Work to be completed:
Return exactly the lines from the "GOLFO X DESPECHO (Single)" line through the last line of the entries below. Include no pictures.

The records:
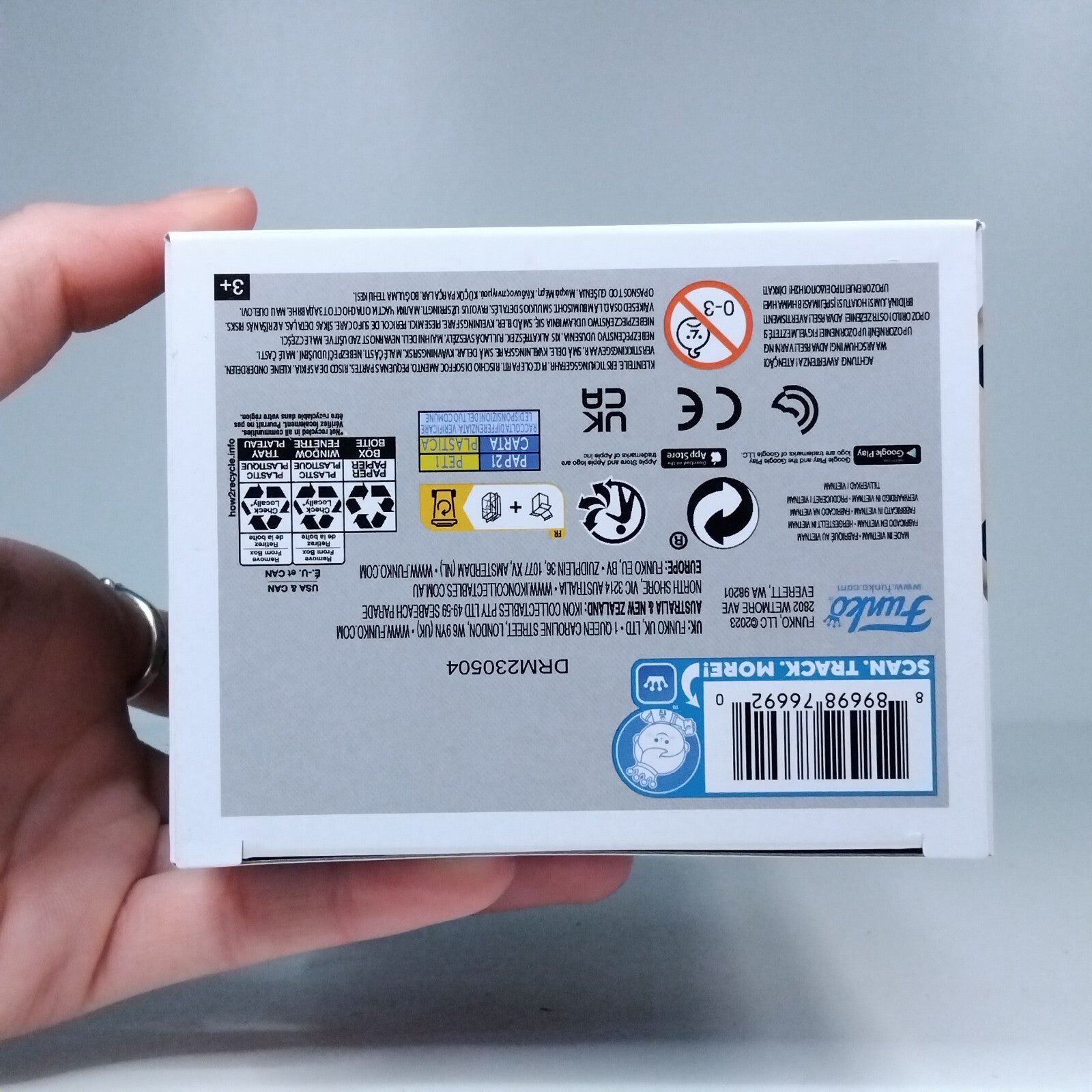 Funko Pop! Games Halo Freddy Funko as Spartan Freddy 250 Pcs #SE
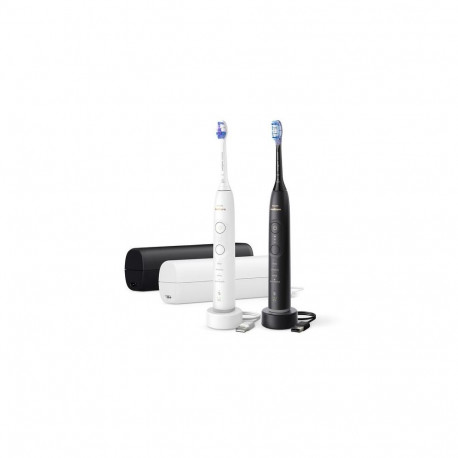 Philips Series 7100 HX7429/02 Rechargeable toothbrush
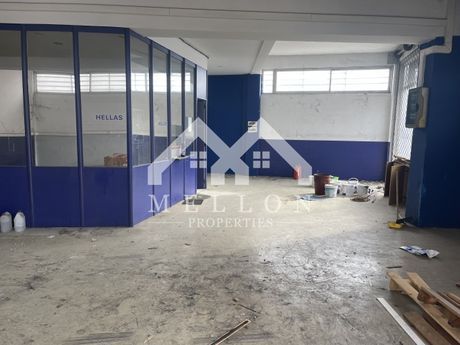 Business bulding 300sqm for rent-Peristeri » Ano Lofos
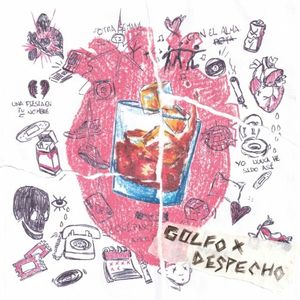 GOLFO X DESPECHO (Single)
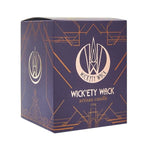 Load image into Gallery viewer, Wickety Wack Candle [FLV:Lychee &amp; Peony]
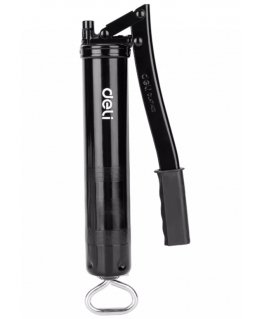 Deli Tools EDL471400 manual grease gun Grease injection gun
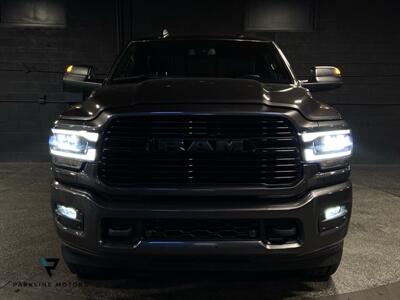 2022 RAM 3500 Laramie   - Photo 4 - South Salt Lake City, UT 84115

Task solution:
 GOLFO X DESPECHO (Single)
 Load image into Gallery viewer, Wickety Wack Candle [FLV:Lychee &amp; Peony]
 Deli Tools EDL471400 manual grease gun Grease injection gun
 2022 RAM 3500 Laramie   - Photo 4 - South Salt Lake City, UT 84115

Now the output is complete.